Pero junto a este sabor agrio, está la dulzura del recuerdo. El recuerdo de tantos buenos momentos que nos dejó el que se ha ido. Las sonrisas que sembró, las miradas que acogió, las discusiones que evitó con su optimismo o tranquilidad. Ya los latinos hablaban del “no moriré del todo”, non omnis morear. Estos “don nadie” han pasado la vida sembrando, aparentemente sin hacer nada. Pero en el silencio del buen esposo, buen padre, buen amigo, que sabe estar acompañando a quien está a su alrededor. Y por eso, aunque la despedida es agria, queda el buen sabor del recuerdo. La memoria revitaliza su presencia.

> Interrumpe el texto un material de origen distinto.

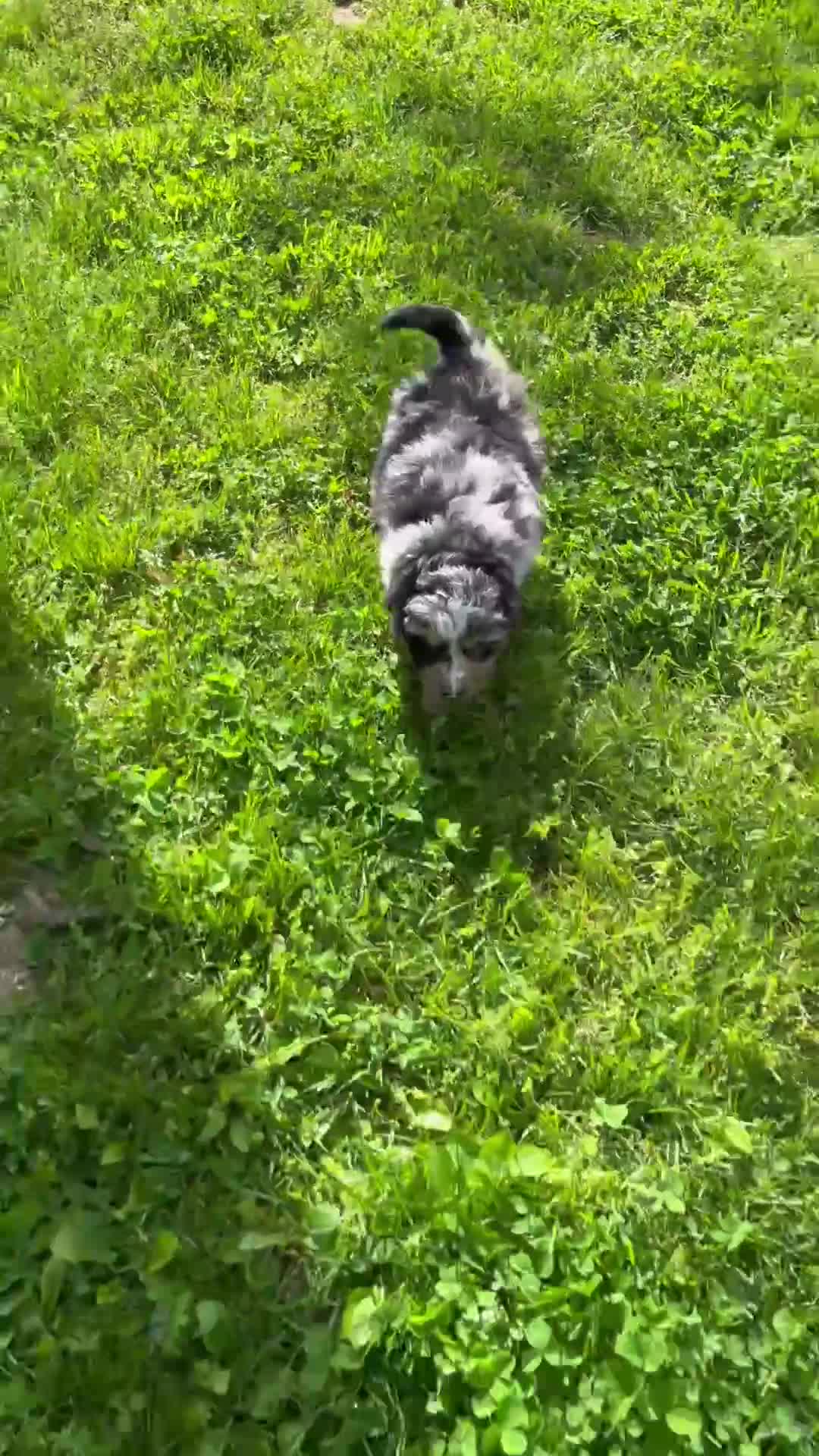 Mini Bernedoodle dogs for sale: Heather - Video 1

Como cristianos, nos queda también la esperanza, la certeza, de la vida futura. Pero no olvidemos que esa vida futura empieza aquí. Una persona así siembra bondad a su alrededor, siembra vida, y por eso cosecha la vida en el más allá. No se trata de dos vidas, sino de distintos momentos de la misma vida. Esta persona ha muerto viviendo, mientras otros, quizás, viven muriendo.

No quise vivir cansada:
y elegí el descanso del amigo y el abrazo,
el camino sin prosas, compartido,
y no parar nunca, no descansar nunca.
Elegí avanzar despacio, durante más tiempo,
Y llegar más lejos
Habiendo disfrutado del paisaje.
(Rudyard Kipling)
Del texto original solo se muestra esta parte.